Last week, the United States Labor Department released its monthly jobs report for August. The jobs figures suggested a bleak economy, a weak recovery and an unemployment rate of 7.3 percent. All of these statistics painted an uninspiring portrait of the nation’s overall economy, including a six-month job average trend of 160,330 per month.
The Federal Reserve continues to state that it will begin to taper its quantitative easing, bond-buying initiative in the near future. However, it could be difficult for the central bank to do so considering that it wants to see job creation above 200,000 each month before it makes a decision to ease back its inflation-inducing program.
Service sector jobs made up for most of the job additions and a boost in hiring at local schools assisted in the increase of total public sector employment. Meanwhile, part-time workers seeking full-time employment stands at 13.7 percent and there were 866,000 discouraged workers last month.
What was most interesting about the jobs report is the revisions for June and July. The government revised July’s payroll gain down by 58,000 to 104,000 and June’s payroll gain by 16,000 – this could mean the exact same thing for the month of August at anytime this year.
Essentially, what this means is that a large bulk of the jobs being created are part-time and service-related.
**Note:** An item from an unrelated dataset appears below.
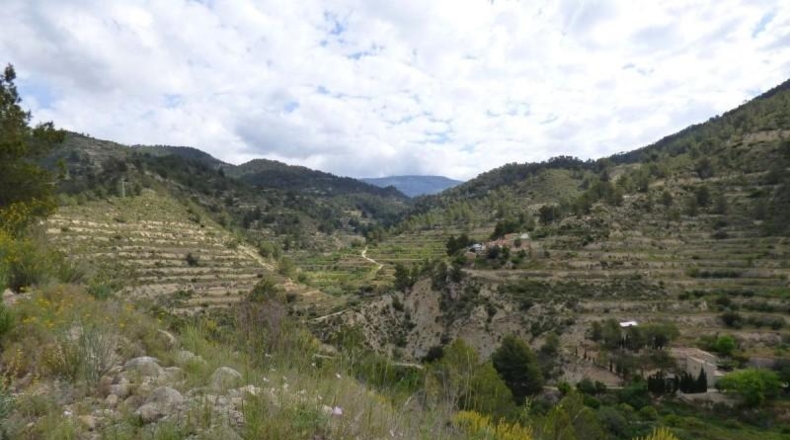 Alicante - la Torre de les Maçanes - 20612m2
According to Peter Schiff, president of Euro Pacific Capital, the paucity of a jobs recovery is proof that QE has failed to work and continue doing so will just hurt the economy even more in both the short- and long-term. He says that the “devil is in the details” and that the media as well as the Obama administration will turn this report into positives.
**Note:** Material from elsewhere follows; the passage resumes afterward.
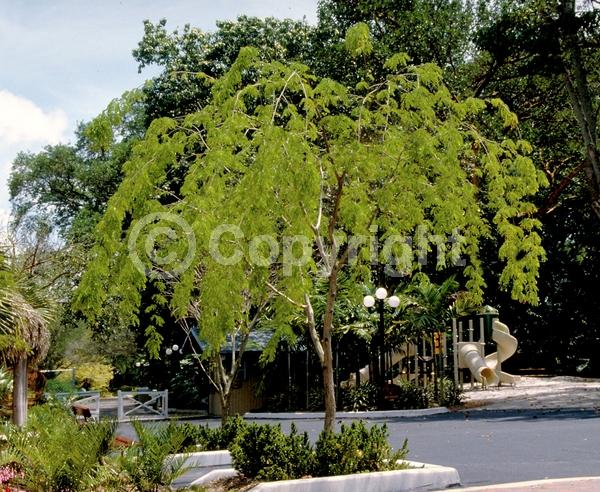 White blooms; Evergreen; Needles or needle-like leaf; North American Native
In addition, the reason why the unemployment rate decreased was not because Americans found jobs it was instead due to the unemployed leaving the workforce entirely due to not believing there are jobs available.
Schiff explained that Wall Street sees the jobs numbers as weak but also will serve as an advantage to them because they realize that the Fed can’t scale back QE and thus end the stimulus.
“The weak jobs data would prove, it’s evidence, that QE isn’t working. We’ve been doing QE for five years. If it hasn’t worked yet, why should we keep doing it?” explained Schiff. “How about it isn’t has worked so let’s stop doing it? How about the economy hasn’t grown, we haven’t had a real good job creation in five years? Maybe the stimulus is a sedative; maybe the economy is sick because the stimulus is toxic. Maybe what we should do is stop the stimulus and maybe that will revive the economy.”